I canti del canzoniere “Dio della mia lode” hanno dei riferimenti etnici? Si tratta di più di 500 brani molti dei quali tradotti dall’inglese, altri in latino (Confitemini domino, Magnificat, Miserere, Misericordias Domini, O Christe Domine Jesù, Ostende nobis, Stabat Mater, Te Deum, Ubi Caritas, Veni sancte Spiritus), in ebraico (Evenu Shalom, Qol rinnah wishuah, Talità kum), in greco (Kyrie), in spagnolo (Alabarè, Caminando voy, En el cielo se oye, En la iglesia, Los que esperan en Jesus, Mi mano està llena, Vive Jesus el Senor) dove i riferimenti etnici sono quasi tutti riconducibili al mondo biblico. In “Alabarè” c’è un riferimento all’Italia che “si salverà” (n. 9). In “Alzati e risplendi” (n. 25) sta scritto “verranno da Efa, da Saba e Kedar” rispettivamente dai clan della tribù di Madian, l’Arabia e il Sinai. In “Com’è bello” appaiono l’Ermon e Sion che sono delle montagne della Palestina. In “Come Davide” (n. 67) sta scritto “Teru’ah” che era il grido di battaglia degli ebrei. “Maranathà” (nn. 174-176) è un’espressione aramaica che significa “Signore vieni” (1Cor 16,22). Sarebbe un errore affermare che i termini come “Alleluia, Amen e Osanna” sono espressioni italiane; in realtà sono espressioni semitiche ormai entrate nel lessico comune italiano.
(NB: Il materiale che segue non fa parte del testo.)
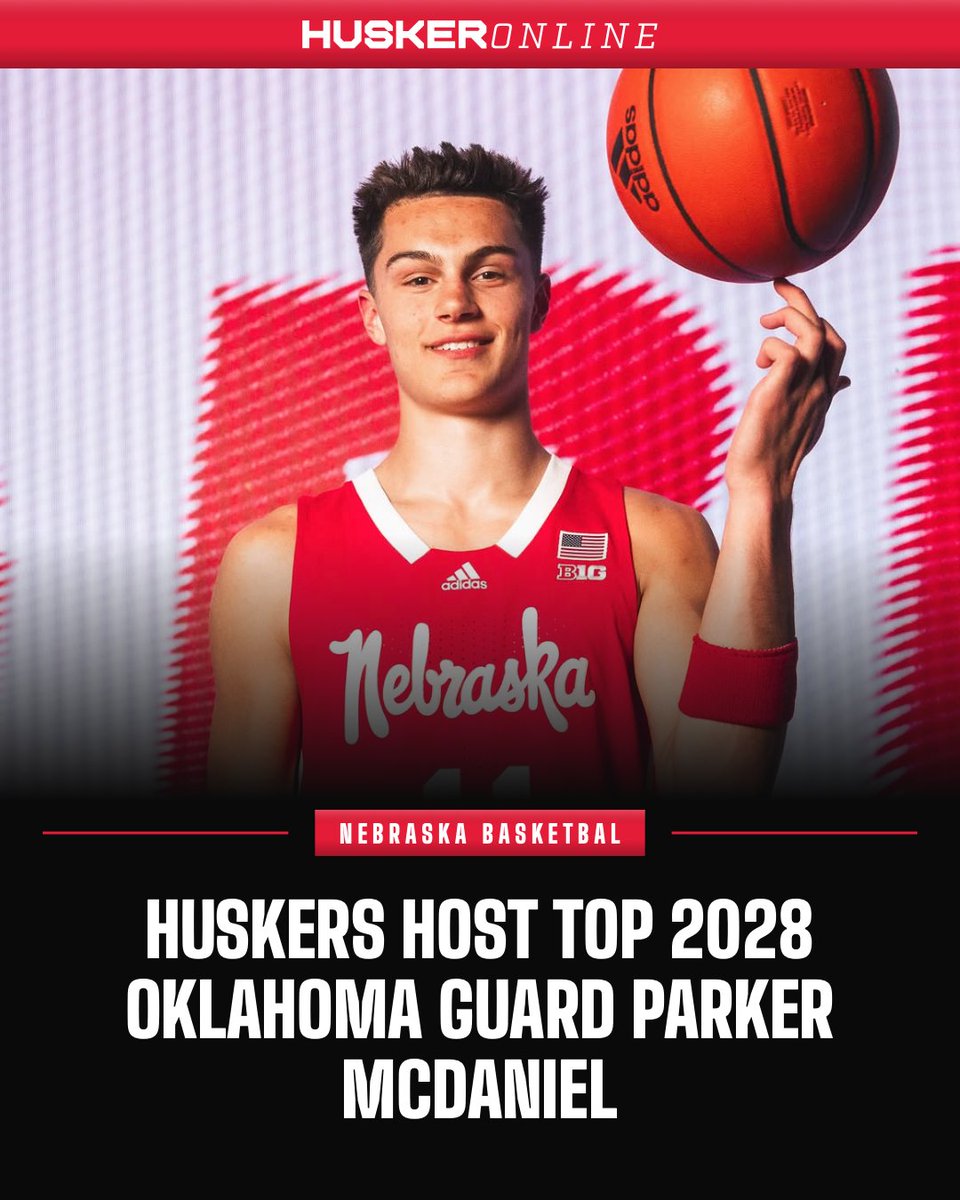 RobinWashut's tweet photo. Nebraska hosted one of the nation's top rising 2028 prospects in Oklahoma guard Parker McDaniel.

More on the Huskers' pursuit of the 6-3 scorer... 🌽🏀

🔗: https://t.co/T9YAlIVzVE https://t.co/At0rjimYvt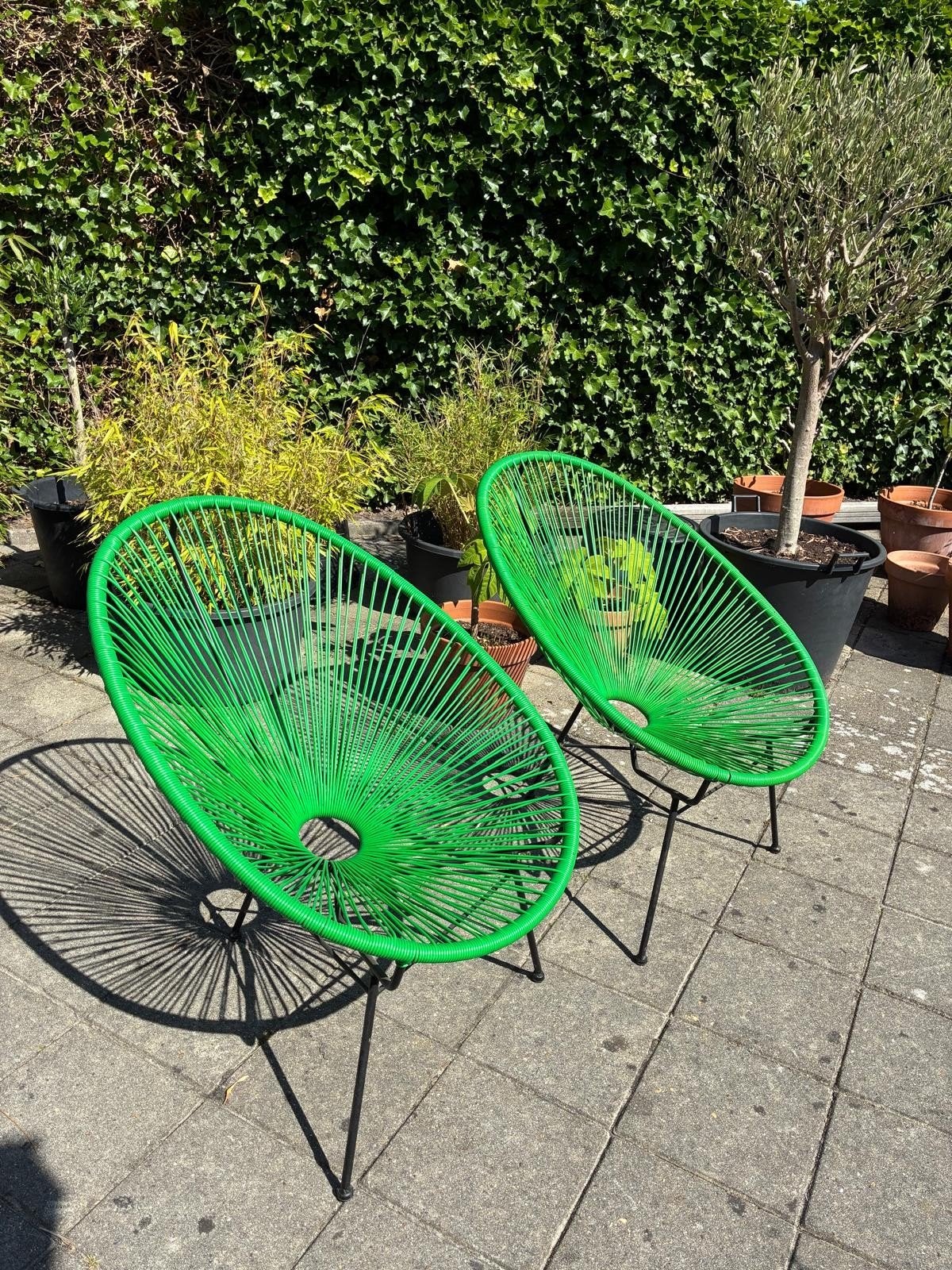 2x Groene Acapulco stoelen - Tuinstoelen, Tuin en Terras, Tuinstoelen, Ophalen, Zo goed als nieuw, Kunststof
Non esiste canto al mondo che non abbia almeno un riferimento “etnico” perché il linguaggio stesso è un elemento culturale che nasce da un popolo con proprie tradizioni e costumi. Se dunque è possibile pregare e cantare in italiano e spagnolo perché non è possibile fare lo stesso in napoletano che “r-accoglie” tutte le suddette lingue?

Un altro esempio di canzoniere “etnico” è “Resuscitò” del CN dove Kiko Arguello tradisce la cultura andalusa che enfatizza il canto solista (chitarra) e una varietà di strumenti di accompagnamento di area mediterranea (flauto, violino, banjo, percussioni, etc.). Kiko è citato come l’unico autore del canzoniere sebbene molti brani sono sfacciatamente copiati da altri compositori (Filippucci, Carlebach). A differenza del canzoniere dell’ArnS, lo scopo del Resuscitò non è quello di divulgare dei canti ma di trasmettere la tradizione orale ricevuta (Introduzione al Resuscitò, Edizioni Fondazione Famiglia di Nazareth, Roma, 2017, p. XV). La costituzione dogmatica “Sacrosanctum concilium”, pur riconoscendo il canto gregoriano come tradizione privilegiata della Chiesa, non esclude altri generi musicali: “si promuova con impegno il canto religioso popolare in modo che nei pii e sacri esercizi, come pure nelle stesse azioni liturgiche, secondo le norme stabilite dalle rubriche, possano risuonare le voci dei fedeli” (SC 6, 118).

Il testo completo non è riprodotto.